John Bruton is a former Fine Gael leader and taoiseach

Aideen Howard
Tom MacIntyre would tell you himself that he was was reared on words even if his plays were full of theatre pictures. When I got word of his death it was an image that came to mind from summer 2015 when Tom and his wife Celine led their wedding party procession through the long grass to the shore of Lough Ramor.

The actor Tom Hickey and I had driven from Dublin to Virginia that August morning. We were in MacIntyre’s beloved Co Cavan for sure but it may as well have been a scene from Russia in the 19th century. I let the image linger. I thought he’d be happy with that. After that I went to the book shelf and took out the words – the books and sheafs of letters and postcards.

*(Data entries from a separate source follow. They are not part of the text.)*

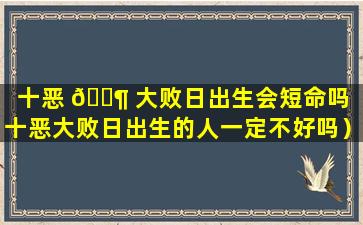 十恶 🐶 大败日出生会短命吗（十恶大败日出生的人一定不好吗）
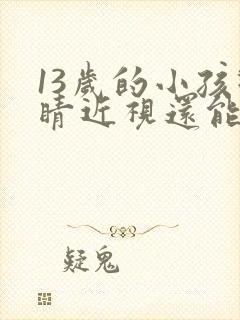 13岁的小孩眼睛近视还能恢复吗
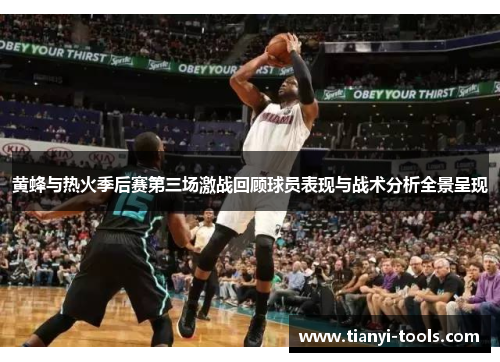 黄蜂与热火季后赛第三场激战回顾球员表现与战术分析全景呈现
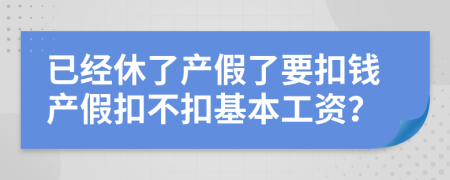 已经休了产假了要扣钱产假扣不扣基本工资？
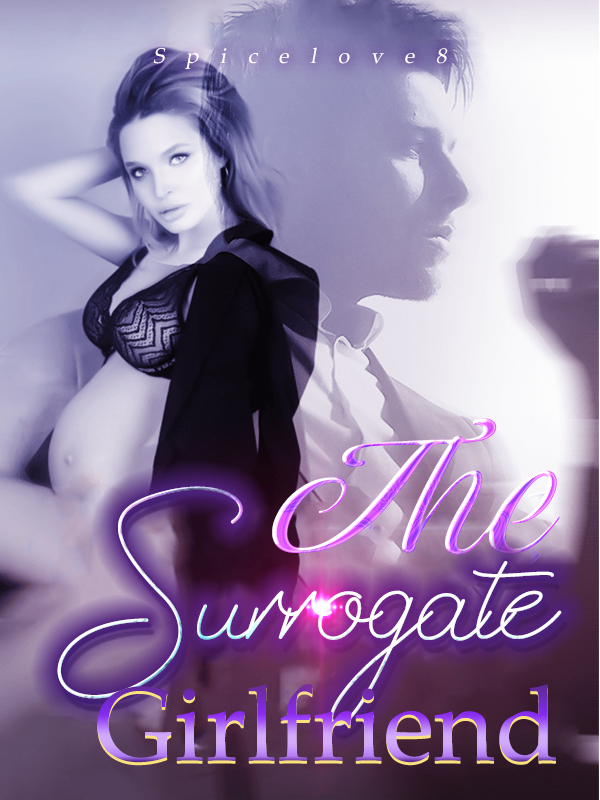 The Surrogate Girlfriend  By Spicelove8 | Libri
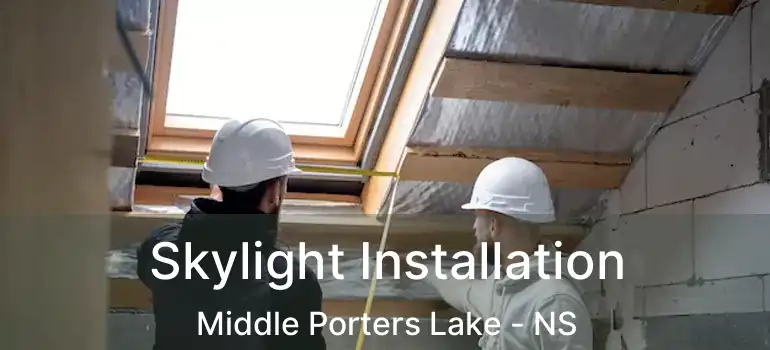  Skylight Installation Middle Porters Lake - NS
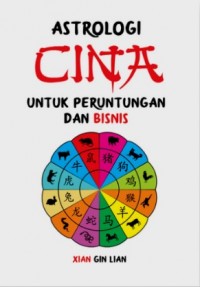 Astrologi Cina Untuk Peruntungan Dan Bisnis
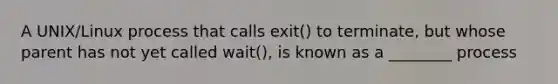 A UNIX/Linux process that calls exit() to terminate, but whose parent has not yet called wait(), is known as a ________ process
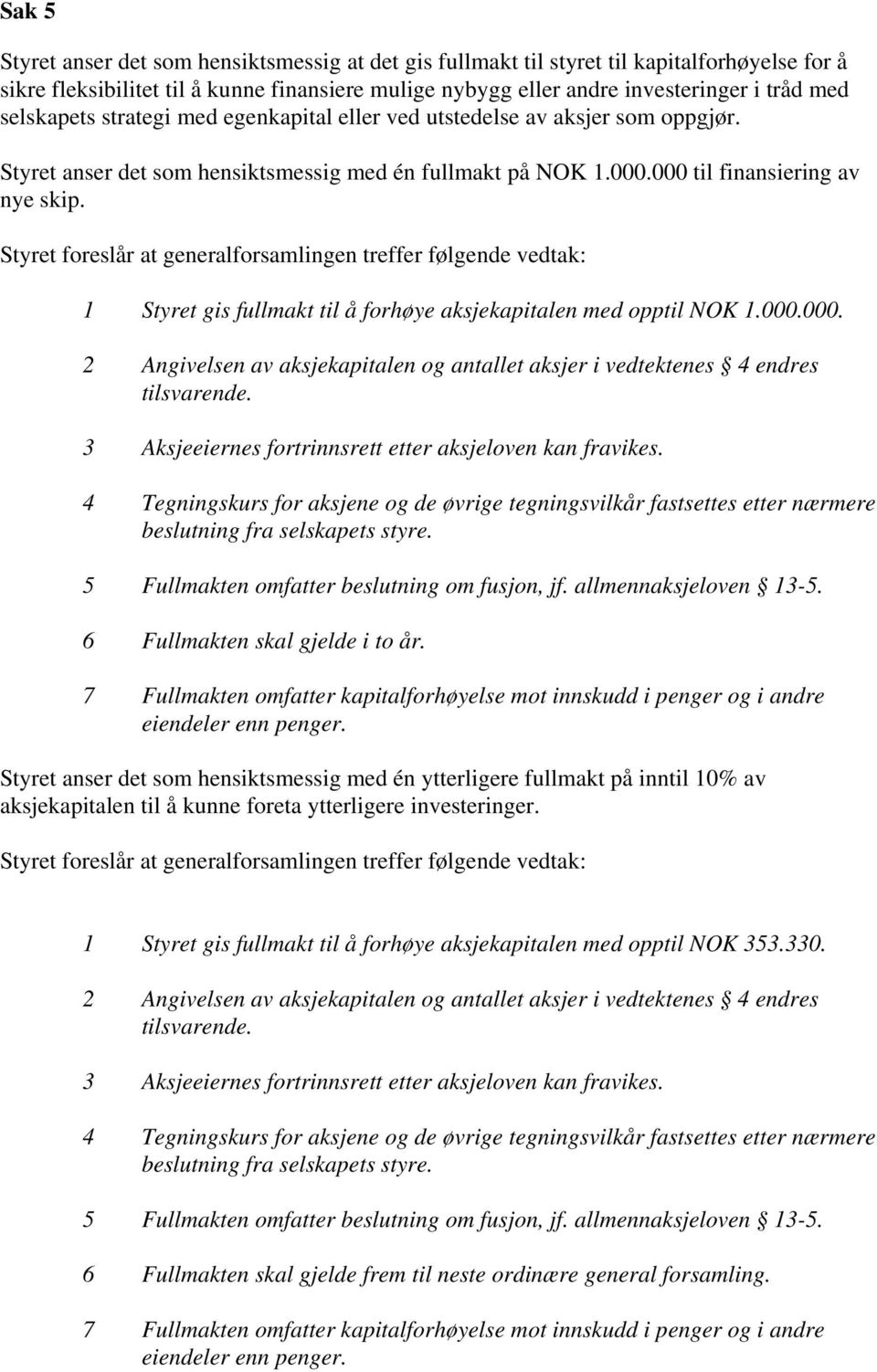 Styret foreslår at generalforsamlingen treffer følgende vedtak: 1 Styret gis fullmakt til å forhøye aksjekapitalen med opptil NOK 1.000.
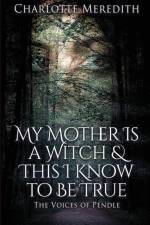 My Mother Is a Witch and This I Know to Be True af Charlotte Meredith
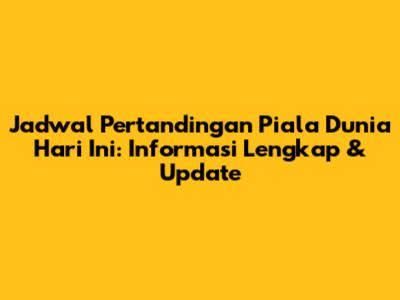 Jadwal Pertandingan Piala Dunia Hari Ini: Informasi Lengkap & Update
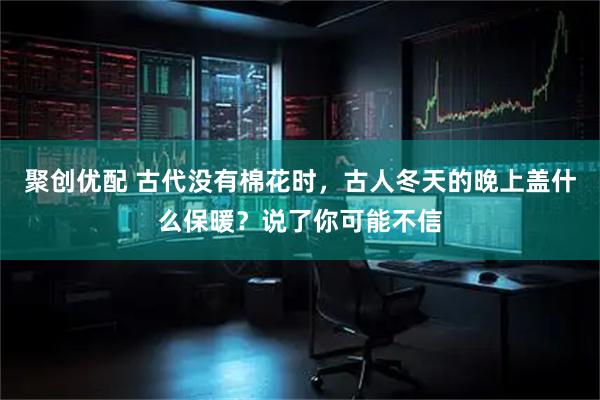 聚创优配 古代没有棉花时，古人冬天的晚上盖什么保暖？说了你可能不信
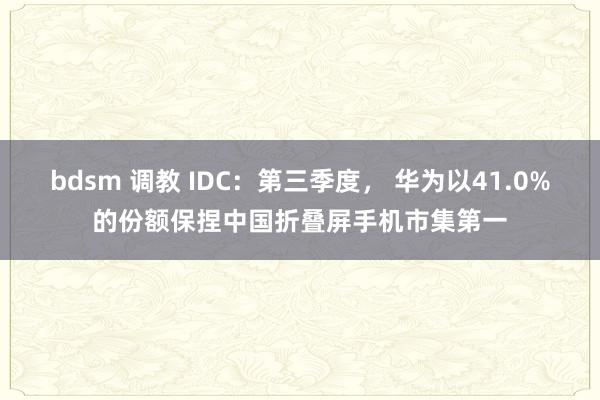 bdsm 调教 IDC：第三季度， 华为以41.0%的份额保捏中国折叠屏手机市集第一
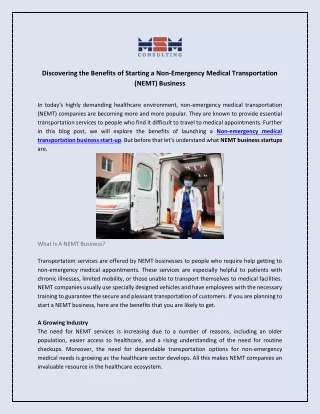 Discovering the Benefits of Starting a Non-Emergency Medical Transportation
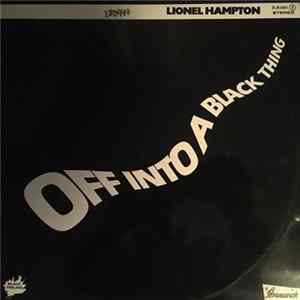 Lionel Hampton - Off Into A Black Thing FLAC album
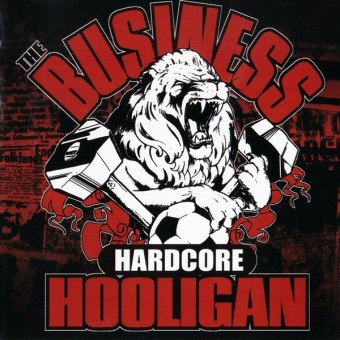 The Business - Hardcore Hooligan - CD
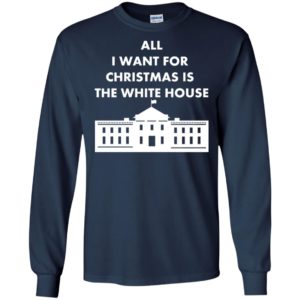 All i want for christmas is the white house xmas long sleeve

Tom was a brilliant correspondent. The cards and letters (he called them signals) would arrive weekly with updates on his next new play, theatre shenanigans and global news via remote Cavan. When my children were born his benediction and good wishes came by post from Killenard or Killeshandra. A south Ulster man, he had direct, easy access to the Gaelic and Anglo-Saxon traditions and was as comfortable with Cathal Bui Mac Ghiolla Gunna, Nuala Ni Dhomhnaill and Biddy Jenkinson as with John Milton and Royal Court playwrights from the sixties onward.

While rooted in the dual tradition Tom’s interest reached far beyond it to Paris, eastern Europe and the US. It was Tom who first introduced me to the work of Pina Bausch and Merce Cunningham. His regular trips to see the Pina Bausch Company in Wuppertal with his closest collaborator, Tom Hickey, would produce hilarious accounts of their adventures in the avant garde, and the German train system.

MacIntyre’s company was frequently uproarious and always irreverent. More than once his provacative opinions turned heads over soup and a sandwich. We talked about theatre and new writing. I was always curious to know more about his ground-breaking work on The Great Hunger in 1983 when his imagistic sensibility met the stony grey soil of Kavanagh’s epic poem. We talked about his influence on writers such as Marina Carr and Michael Harding and indeed, theirs on him. And always we talked about the next new play.

As he grew older and harder of hearing we had to forsake the old reliable Wynn’s Hotel on Abbey Street as a lunch venue because his outrageous opinions became too loud for the company. As a playwright, he held the rare record of 16 world premieres at the Abbey Theatre; he was the author of several collections of poetry in Irish and English; and Through The Bridewell Gate, a riveting account of the 1970s arms trial.

Mac Intyre was a writer with equal facility for the idiom of theatre, poetry and politics. For all that he had little interest in harking back to his own hey-day. When I asked him to contribute to the new Abbey Theatre Oral History Project he hadn't the slightest interest. You've heard it all before, he said. Eventually, years later, at 83, he humoured me with an interview for the archive. Typically, it was extraordinary stuff, the work of a veteran story-teller in full flight. He entertained my notion by going over old ground with scant regard for posterity. Really, though, what Tom wanted to talk about was the next play.
Aideen Howard is the Director of The Ark Cultural Centre for Children and former Literary Director of The Abbey Theatre where she commissioned new work for the Abbey and Peacock stages and created The Abbey Theatre Oral History Project.